During the Bosnian War, which started in 1992 and continued until 14 December 1995, the annexation policy of Serbian forces went hand in hand with looting and rape; rape was used as a military motivation and an offensive strategy. During the war, 100-110 thousand people were killed according to some sources while for some other sources the war casualty was 300 thousand people. Millions of people became refugees, civilians were starved to death and massacred in concentration camps, and tens of thousands of women were raped. Although some Roma people and other minorities were among those who were raped and some Croat and Serbian women were also raped in retaliation; in Bosnia it was predominantly non-Serbian and especially Muslim women who were subjected to mass rape.

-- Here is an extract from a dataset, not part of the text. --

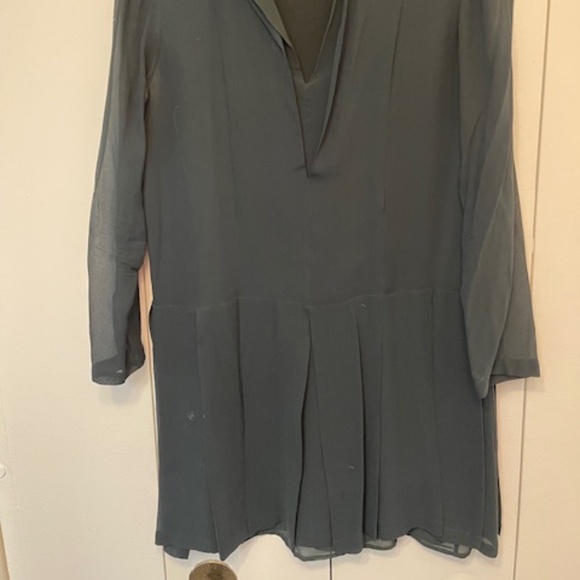 TORY BURCH HUNTER GREEN CHIFFON PINAFORE DRESS - Picture 5 of 5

In August 1992 it was identified that there was a total of 105 concentration camps controlled by Serbian forces (94 in Bosnia and 11 in Serbia and Montenegro) as well as 17 brothels where captive women were forced into prostitution.

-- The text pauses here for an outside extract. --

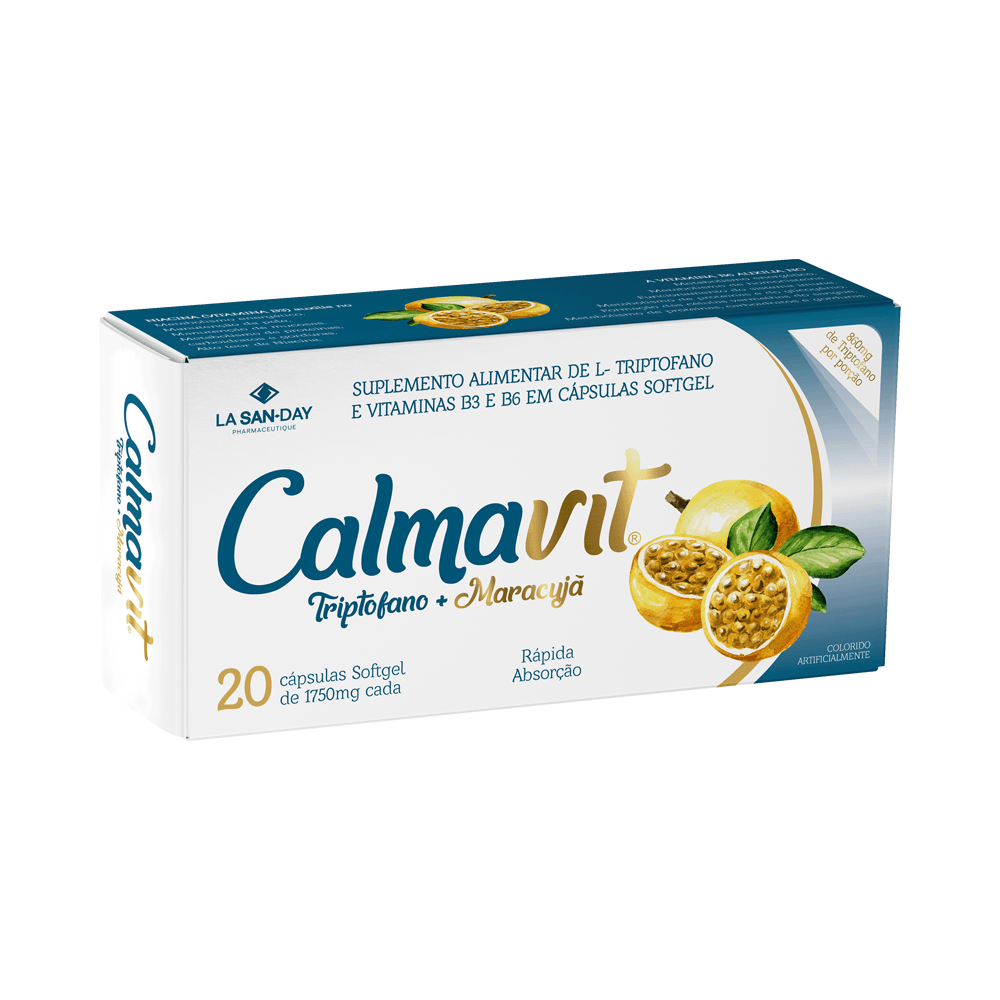 Suplemento De Triptofano, B3 E B6 20 Cápsulas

Feminist women in Istanbul launched a campaign arguing that rape by Serbian forces of Bosnian Muslim women in rape camps, concentration camps, private homes, and brothels is not a coincidence and is integral to wars. The group which called themselves “Feminist group against rape” prepared a manifesto and a wall newspaper to disseminate this information. Stating, “we know that Kurdish women, who are very near to us, are also exposed to this aggression that men have been using in many wars,” the manifesto invited all women who witnessed or were subjected to rape to not remain silent and to stand in solidarity with the struggle to expose rape. Within the scope of the campaign, a petition was started, and a 900-number hotline was opened for women who wanted to support the campaign to leave messages. On 8 March 1993, the “Feminist group against rape” handed out the manifesto and collected signatures for the petition.

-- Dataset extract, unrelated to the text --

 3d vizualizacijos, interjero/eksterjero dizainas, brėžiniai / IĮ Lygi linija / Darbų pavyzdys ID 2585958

The call for the campaign expressed the following statements: “A current example of mass rape is happening in Bosnia today. The rape of women in the war between the Serbian and Bosniak nationalists is neither an unexpected nor an unprecedented event. We learn from the testimonies that Serbian soldiers systematically raped 30.000-50.000 Croatian and Bosniak women in rape camps in Bosnia. We hear that hundreds of women died, were killed, or committed suicide during these rapes and that the pregnant women among the survivors could not find a doctor for abortion and died while performing abortion for each other. In this war, sexism is put in the service of racism. Rape is used as a way of making one’s race dominant and of assimilating, if not annihilating, other races. The victims of this racist attack are, once again, women… Women who got pregnant and who were forced to give birth.”

Demands listed in the petition were as follows:

“We, the undersigned women,

Demand that rape camps be immediately shut down and evacuated.

Urgent action should be taken for the mental and physical treatment of the survivor women, and to heal their bodily and spiritual wounds.

The soldiers, their commanding officers and the responsible governments who commit this crime which is perpetrated by men in the wars in our region and all over the world must be tried and punished by an International Independent Women’s Court consisting of female jurists.

Rape must be considered a war crime and this article and necessary sanctions must be added to the Geneva Convention Part 4.”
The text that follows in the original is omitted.